If you write or email “Spare Rooms for Refugees” and give your phone number, I can get the young men to phone you and establish contact.  They would appreciate it I know.

Steve Bracks needs your help.  Please write letters to the newspapers to support his stance on refugees.  He wants to end the so-called Pacific “solution”, to claim the greater share of refugees for Victoria and to build refugee centres not detention centres in Victoria to assist refugees.  Please phone or fax the Premier’s Department (Tel. 9651 5111/Fax. 9651 5054) to give him your praise.  If we don’t his initiative will die. 

While you’re at it, phone the Labor Party or drop a line to Simon Crean.  You may not like the Labor Party, but the truth is that while Labor vacillates, Philip Ruddock does all he can to wreck the U.N. convention that we are signatory to.  Small protest groups will never have the power of a genuine opposition.

The Labor Party must change its disastrous view and become an opposition once more.  Steve Bracks is testing the waters of public opinion and in the Herald-Sun he’s getting a basting for it.  Please write a letter to the Herald-Sun supporting him, it might counter-balance the abuse he’s getting there.

Most of us wouldn’t read Andrew Bolt but if you have a chance to read his “Tall Tale Chorus” (13 Dec., page 19), you’ll know what I mean.  He’s not only unattractive, he’s influential with Herald-Sun readers and is rarely challenged on his facts.  His attitudes sit there unchecked.  If you want to lobby, lobby that paper and also the ethnic press.

Visits.  If you’re anxious to help, visit Maribyrnong Detention Centre: 54 Hampstead Rd Maribyrnong 3032.  It’s easy, the detainees really need your visits.  It shows Australian Correctional Management that we have eyes and ears and as Australians we won’t abandon these people and we’ll protest when they injure them.

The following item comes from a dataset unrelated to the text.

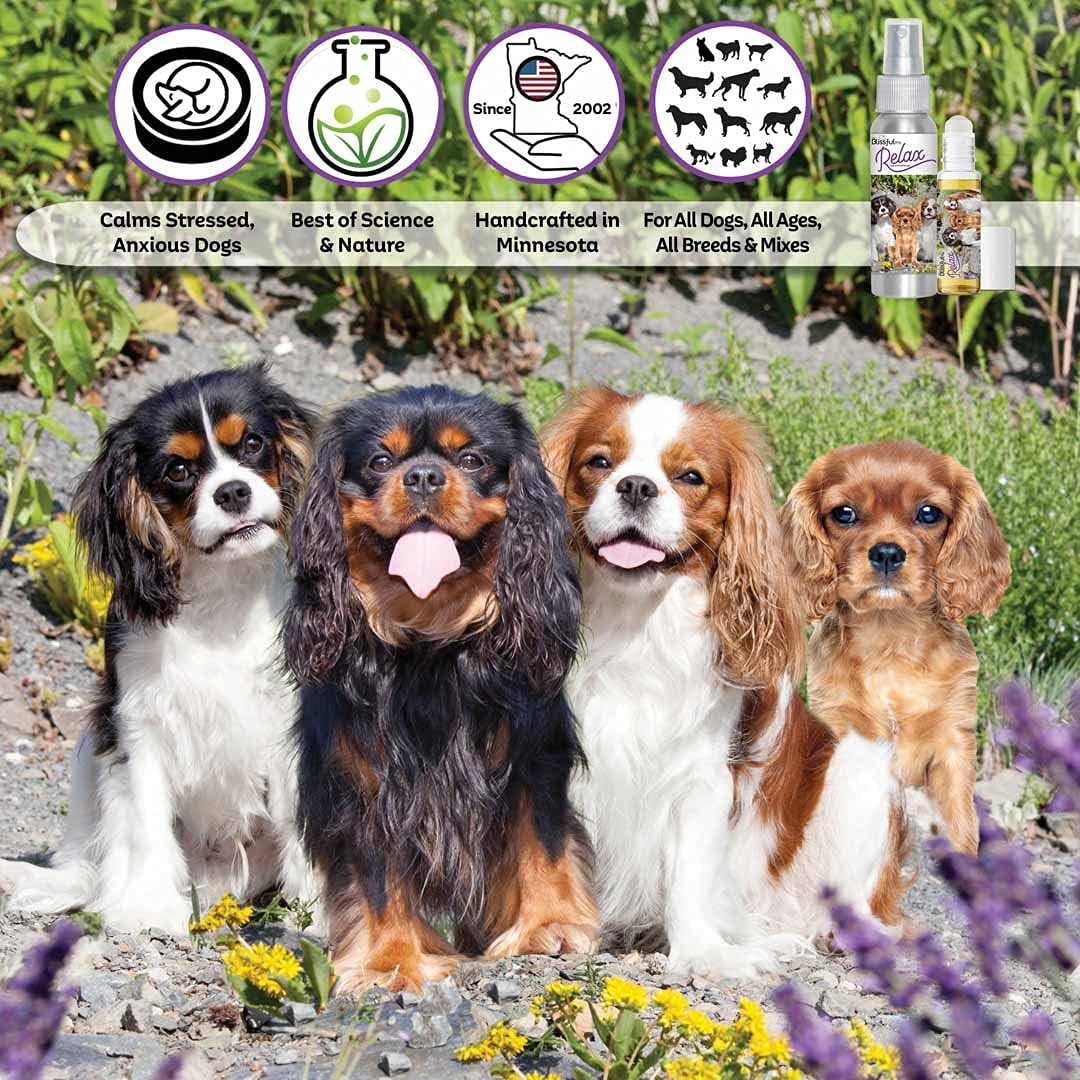 The Blissful Dog Spray de aromaterapia relajante para perros Cavalier King Charles Spaniel para la ansiedad de tu perro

To visit, take photo ID and other ID with your address on it, a single passport is all I used.  Ask to see particular detainees.

Email us for names of detainees (we decided to take individual names off the net just in case).

These people will be brought out to meet you, they will tell you of other names you might try to speak with.  You might take food or toiletries - nothing in metal or foil containers.  The visiting hours are 2.30 – 4.30 p.m. and 7.00 – 9.00 p.m.

The phone number to check any of these things or even to speak to a detainee is
9318 1999.  There is a bus almost to the door.  A No. 57 tram from Elizabeth Street will also get you there.  Please visit if you want to get a sense of how ACM works, it’s most enlightening.

Training sessions for Spare Rooms for Refugees’ supporters will be available at the end of January/February.  The social workers assisting asylum seekers virtually insist that we need these classes if we are to house refugees.  I am arranging to conduct them from my house and I’ll supply lunch.

To ask about classes or volunteering ring Kon Karapangiotidus at the Asylum Seeker Resource Centre on 9687 2134.  They have a lot of valuable avenues for volunteers too.  They’ll send you information if you ask for it.

Spare Rooms for Refugees is working with a group, who are writing a submission to the Human Rights Inquiry regarding the detention of children.  If you would like to assist phone Jonathan Liberman on 9531 2479.

We now have a team of pro bono lawyers but what we need are some pro bono accountants and actuaries.  Do you know anyone in any of the big accounting companies?  We need a group of people who can crunch the figures on DIMA’s website and make sense of them.  We know that the economics of the Pacific Solution are ludicrous.

This should not be a very big task, the Government’s figures are sketchy and disguised.  A watch on them is really fundamental to assist us to change the attitudes of people who are not susceptible to any moral argument.  If you know a finance person who could help, please ring us at Spare Rooms or me, Kate Durham on 9819 6931.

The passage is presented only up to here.